Eventually, both Collections.min() and nodes.contains() operations will take less time every round.
My understanding is Big O Notation always considers the worst, thus the above complexities should be correct.
Otherwise, would you please explain the plot of how to figure out the correct Complexity in the above scenario?
nodes.contains has worst-case time complexity in Θ(V), the for-loop runs a number of times in Θ(E) and so has worst-case time complexity in Θ(V*E), Collections.min has worst-case time complexity in Θ(V), so the body of the while loop has worst-case time complexity in Θ(V+V*E), but V+V*E is itself Θ(V*E) (see later), so the body of the while loop has worst-case time complexity in Θ(V*E). The while loop executes V times. So the worst-case time to execute the algorithm is in Θ(V^2*E).
The simplification there -- replacing Θ(V+V*E) with Θ(V*E) -- is an acceptable one because we are looking at the general case of V>1. That is, V*E will always be a bigger number than V, so we can absorb V into a boundedly constant factor. It would also be correct to say the worst-cast time is in Θ(V^2+E*V^2), but one wouldn't use that since the simplified form is more useful.
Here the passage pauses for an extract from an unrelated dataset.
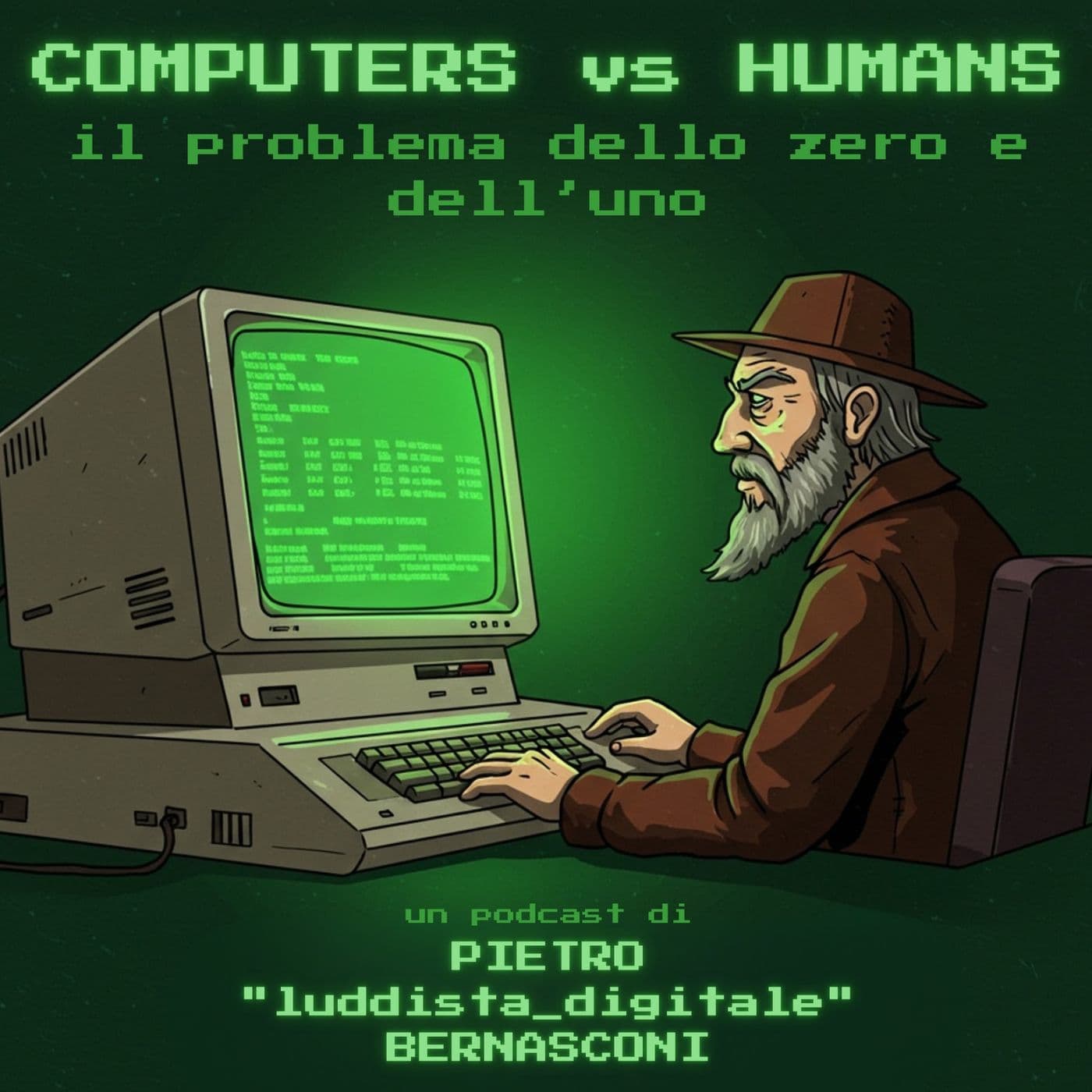 Computer VS Humans - Il problema dello 0 - Podcasts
Incidentally, as a matter of intuition, you can generally ignore the effect of containers being "used up" during an algorithm, such as with insertion sort having fewer and fewer items to look through, or this algorithm having fewer and fewer nodes to scan. Those effects turn into constant factors and disappear. It's only when you're eliminating an interesting number of elements each time, such as with the quickselect algorithm or binary search, that that sort of thing starts to affect the asymptotic runtime.